▸ **EXERCISE DESCRIPTION**
Take the entries below and print, exactly, the stretch from the line containing "3 Фотография поврежденного" through the line containing "16999 Avenida De", both included.
───
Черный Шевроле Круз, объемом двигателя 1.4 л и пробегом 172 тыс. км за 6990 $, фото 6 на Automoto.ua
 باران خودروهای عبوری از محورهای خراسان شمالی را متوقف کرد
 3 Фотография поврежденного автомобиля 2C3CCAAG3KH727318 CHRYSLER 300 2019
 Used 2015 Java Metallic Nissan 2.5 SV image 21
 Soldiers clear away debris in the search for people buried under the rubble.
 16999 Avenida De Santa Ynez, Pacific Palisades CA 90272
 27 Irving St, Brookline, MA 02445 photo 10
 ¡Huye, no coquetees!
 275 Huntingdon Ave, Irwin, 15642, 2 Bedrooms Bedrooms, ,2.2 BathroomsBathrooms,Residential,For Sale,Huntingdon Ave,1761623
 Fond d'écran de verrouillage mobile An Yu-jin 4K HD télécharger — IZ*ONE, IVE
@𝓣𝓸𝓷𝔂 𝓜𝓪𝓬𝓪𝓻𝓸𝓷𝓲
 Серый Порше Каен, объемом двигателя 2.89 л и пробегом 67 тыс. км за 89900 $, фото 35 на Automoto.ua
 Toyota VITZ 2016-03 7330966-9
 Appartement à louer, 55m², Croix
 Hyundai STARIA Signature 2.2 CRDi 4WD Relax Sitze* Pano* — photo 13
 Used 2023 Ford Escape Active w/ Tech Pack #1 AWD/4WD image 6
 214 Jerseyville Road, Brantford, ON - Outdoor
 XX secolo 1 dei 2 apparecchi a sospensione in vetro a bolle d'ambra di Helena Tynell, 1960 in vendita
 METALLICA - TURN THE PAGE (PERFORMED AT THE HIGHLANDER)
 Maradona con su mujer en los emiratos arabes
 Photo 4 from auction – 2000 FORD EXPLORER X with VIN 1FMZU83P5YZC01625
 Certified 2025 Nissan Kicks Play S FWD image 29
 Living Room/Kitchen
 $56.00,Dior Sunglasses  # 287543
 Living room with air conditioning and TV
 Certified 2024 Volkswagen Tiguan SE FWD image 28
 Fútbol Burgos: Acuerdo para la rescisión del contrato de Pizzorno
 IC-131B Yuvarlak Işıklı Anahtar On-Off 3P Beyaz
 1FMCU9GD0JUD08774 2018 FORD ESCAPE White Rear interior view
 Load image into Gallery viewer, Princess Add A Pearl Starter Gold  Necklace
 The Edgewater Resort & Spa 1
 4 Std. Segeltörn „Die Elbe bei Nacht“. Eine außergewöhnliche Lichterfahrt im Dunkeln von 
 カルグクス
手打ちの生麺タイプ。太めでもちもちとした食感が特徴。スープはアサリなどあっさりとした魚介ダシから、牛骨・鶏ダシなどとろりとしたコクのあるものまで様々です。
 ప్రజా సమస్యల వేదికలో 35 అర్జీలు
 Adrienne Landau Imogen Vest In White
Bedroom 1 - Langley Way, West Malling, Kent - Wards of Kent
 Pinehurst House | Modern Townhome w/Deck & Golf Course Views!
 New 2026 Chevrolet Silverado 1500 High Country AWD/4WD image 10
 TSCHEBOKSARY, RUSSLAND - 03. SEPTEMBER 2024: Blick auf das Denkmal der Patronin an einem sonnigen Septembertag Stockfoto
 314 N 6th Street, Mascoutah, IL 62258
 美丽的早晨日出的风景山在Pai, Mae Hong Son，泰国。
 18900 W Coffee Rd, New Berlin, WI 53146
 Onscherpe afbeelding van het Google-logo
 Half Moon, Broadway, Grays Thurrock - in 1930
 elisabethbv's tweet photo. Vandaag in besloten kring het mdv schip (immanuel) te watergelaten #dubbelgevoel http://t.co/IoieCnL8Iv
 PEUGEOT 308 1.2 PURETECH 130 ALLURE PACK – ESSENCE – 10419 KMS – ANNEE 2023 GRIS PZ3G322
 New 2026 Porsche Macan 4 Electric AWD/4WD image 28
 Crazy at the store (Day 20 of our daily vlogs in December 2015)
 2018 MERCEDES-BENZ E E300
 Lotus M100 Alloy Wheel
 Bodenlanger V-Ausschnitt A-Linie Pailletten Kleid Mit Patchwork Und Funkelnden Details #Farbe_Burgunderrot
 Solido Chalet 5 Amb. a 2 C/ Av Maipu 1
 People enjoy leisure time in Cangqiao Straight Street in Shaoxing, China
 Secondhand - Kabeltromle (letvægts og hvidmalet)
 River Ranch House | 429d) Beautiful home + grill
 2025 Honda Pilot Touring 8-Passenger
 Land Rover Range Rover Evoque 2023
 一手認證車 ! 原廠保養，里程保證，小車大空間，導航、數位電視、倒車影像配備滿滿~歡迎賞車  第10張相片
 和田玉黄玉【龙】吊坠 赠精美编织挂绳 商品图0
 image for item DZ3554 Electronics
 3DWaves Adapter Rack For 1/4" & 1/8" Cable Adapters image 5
───
▸ **ANSWER SECTION**
 3 Фотография поврежденного автомобиля 2C3CCAAG3KH727318 CHRYSLER 300 2019
 Used 2015 Java Metallic Nissan 2.5 SV image 21
 Soldiers clear away debris in the search for people buried under the rubble.
 16999 Avenida De Santa Ynez, Pacific Palisades CA 90272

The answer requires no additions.